Следы ведут в пески Аравии - страница 40
Все это осложняло пребывание европейцев в Таизе. Направляясь сюда, они твердо намеревались обследовать горные районы, где, как они узнали, растут все виды аравийских трав. Но теперь это становилось чересчур опасным. Форскол был в ярости. Он не желал мириться с тем, что какие-то нелепые распри нарушают его планы, и решил связаться с одним из мятежных шейхов и под его покровительством попутешествовать по горам. Настойчивость Форскола была так велика, что дола Таиза приставил к нему солдата с приказом не пускать его наверх. Зато слуга, сопровождавший ученых по приказу долы Мохи, пообещал Форсколу провести его в горы. Кончилось дело тем, что Форскол ушел из города один. Это произошло 18 июня. Но горными вершинами ему довелось полюбоваться лишь издали. Не пройдя и нескольких миль, он обнаружил, что все окрестные селения пусты: их жители, измученные жестокостью долы, покинули свои хижины и поднялись еще выше. Идти по их следам было весьма неблагоразумно. Как-никак, а Форскол выглядел бы в их глазах посланником долы, прямого их врага. И если бы в опустевших селениях он не умер от голода, то наверху его бы все равно убили. Так ни с чем Форскол и возвратился в Таиз, не потеряв, однако, надежды вернуться к своей затее.

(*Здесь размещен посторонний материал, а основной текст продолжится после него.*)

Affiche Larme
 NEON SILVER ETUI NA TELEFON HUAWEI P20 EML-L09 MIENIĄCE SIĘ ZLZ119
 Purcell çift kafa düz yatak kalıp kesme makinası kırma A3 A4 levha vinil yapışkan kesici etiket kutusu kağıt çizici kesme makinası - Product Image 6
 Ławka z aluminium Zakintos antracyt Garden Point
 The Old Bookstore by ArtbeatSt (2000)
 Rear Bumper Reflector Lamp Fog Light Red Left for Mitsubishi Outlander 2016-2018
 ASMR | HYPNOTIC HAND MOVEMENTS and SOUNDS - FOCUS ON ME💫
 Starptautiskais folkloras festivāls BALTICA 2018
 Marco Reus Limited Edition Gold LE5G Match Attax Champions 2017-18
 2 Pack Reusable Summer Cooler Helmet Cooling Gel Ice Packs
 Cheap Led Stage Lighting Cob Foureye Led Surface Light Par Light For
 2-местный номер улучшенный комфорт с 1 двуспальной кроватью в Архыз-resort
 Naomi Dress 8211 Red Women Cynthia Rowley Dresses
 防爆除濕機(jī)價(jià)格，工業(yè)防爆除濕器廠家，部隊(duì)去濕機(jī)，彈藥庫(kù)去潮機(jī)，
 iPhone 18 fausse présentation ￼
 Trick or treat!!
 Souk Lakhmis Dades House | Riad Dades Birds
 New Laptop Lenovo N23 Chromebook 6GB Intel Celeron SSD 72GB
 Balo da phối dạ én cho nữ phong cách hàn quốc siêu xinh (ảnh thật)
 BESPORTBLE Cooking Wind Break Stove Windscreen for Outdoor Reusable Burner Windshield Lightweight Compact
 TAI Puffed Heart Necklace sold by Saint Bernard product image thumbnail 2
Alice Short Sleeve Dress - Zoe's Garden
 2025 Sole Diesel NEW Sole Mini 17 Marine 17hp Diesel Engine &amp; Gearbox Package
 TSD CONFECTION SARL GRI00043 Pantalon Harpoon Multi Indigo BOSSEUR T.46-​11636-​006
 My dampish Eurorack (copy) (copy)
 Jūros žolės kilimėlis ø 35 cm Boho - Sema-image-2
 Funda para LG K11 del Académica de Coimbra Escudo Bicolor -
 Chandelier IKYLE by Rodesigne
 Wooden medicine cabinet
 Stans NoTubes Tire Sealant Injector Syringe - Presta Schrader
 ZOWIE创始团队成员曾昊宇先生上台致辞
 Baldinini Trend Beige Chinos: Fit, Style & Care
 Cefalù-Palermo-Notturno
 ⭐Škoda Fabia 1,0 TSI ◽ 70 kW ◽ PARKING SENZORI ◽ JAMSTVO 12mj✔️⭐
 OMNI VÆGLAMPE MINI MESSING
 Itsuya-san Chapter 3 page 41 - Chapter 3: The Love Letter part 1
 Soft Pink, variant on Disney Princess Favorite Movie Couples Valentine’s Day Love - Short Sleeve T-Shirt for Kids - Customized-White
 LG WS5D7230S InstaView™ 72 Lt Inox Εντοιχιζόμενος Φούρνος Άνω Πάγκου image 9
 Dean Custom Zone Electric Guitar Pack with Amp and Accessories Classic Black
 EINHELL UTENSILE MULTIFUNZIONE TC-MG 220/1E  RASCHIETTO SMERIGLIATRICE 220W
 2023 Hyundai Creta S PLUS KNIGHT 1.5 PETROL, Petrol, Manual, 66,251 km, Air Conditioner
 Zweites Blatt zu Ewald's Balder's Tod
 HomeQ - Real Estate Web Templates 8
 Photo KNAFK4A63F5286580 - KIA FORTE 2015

Наступил мусульманский праздник ид аль-адха, или по-турецки курбан-байрам, что означает «праздник жертвоприношения». В эти дни паломники отправляются в Мекку, а во всех городах и селениях режут скот. Праздник связан с библейской легендой о пророке Аврааме, который должен был принести в жертву богу своего сына Исаака, но милосердный бог заменил сына барашком. В Коране Авраам именуется Ибрагимом, а его другой сын, Исмаил, рожденный от рабыни Агари, считается родоначальником арабов. В память о них. а быть может, по традиции, перешедшей в ислам от древних арабов — язычников, приносивших жертвы своим божествам и духам, каждый правоверный должен в определенные дни зарезать овцу, барана, корову или верблюда и торжественно съесть их за праздничным столом.
Ид аль-адха длится трое суток, и никто в это время на базаре не торгует. Поэтому европейцам пришлось заранее запастись всем необходимым для себя и для своих слуг-арабов — для них купили традиционного барана, муку, мед, сахар, чтобы испечь что-нибудь сладкое к праздничному столу, а о кате те позаботились сами.
Среди мусульман было не так уж много людей, которые могли точно высчитать день праздника, перемещавшийся из года в год в соответствии с лунным календарем.
С помощью европейцев в Таизе день этот был определен заранее, подданные отправили доле положенные подарки и приготовились к празднеству. Однако перед самым заходом солнца из Саны неожиданно пришло известие, что ид аль-адха наступит там лишь через сутки, а торжество должно, разумеется, отмечаться повсюду одновременно. До окрестных селений это известие не дошло, и жители Таиза целые сутки не без зависти наблюдали, как там шел пир горой, до того момента, когда три пушечных залпа, грянувшие из крепости Кахира, не возвестили о начале праздника и здесь.
На другой день снова били пушки, и армия долы воинственно маршировала по немощеным улицам, вздымая тучи пыли. Свою ловкость демонстрировали наездники. Возглавлявший торжества дола тоже пожелал показать свое умение, понесся вскачь, по свалился с коня.
Праздники кончились, и Форскол снова стал мечтать о походе в горы. Наши европейцы не знали об одном немаловажном обстоятельстве. Распри между шейхами были делом второстепенным и едва ли могли сказаться на их пребывании здесь. Но зейдиты отличались особой замкнутостью, и отсюда, в частности, проистекала их нелюбовь к иноземцам. Этот своеобразный изоляционизм впоследствии лёг в основу внешней политики имамов Йемена.
Нибур также собирался исследовать окрестности Таиза и, подобно Форсколу, чувствовал себя словно в ловушке. Пока же он занимался тем, что позволяли обстоятельства: чертил детальный план города, знакомился по завету умершего Хавена с местным диалектом, производил астрономические наблюдения, поднимался в крепость, где скопировал старую надпись на воротах. Форскол стал уговаривать Нибура идти вместе с ним. Нибур обещал, и они решили этой же ночью ускользнуть из города.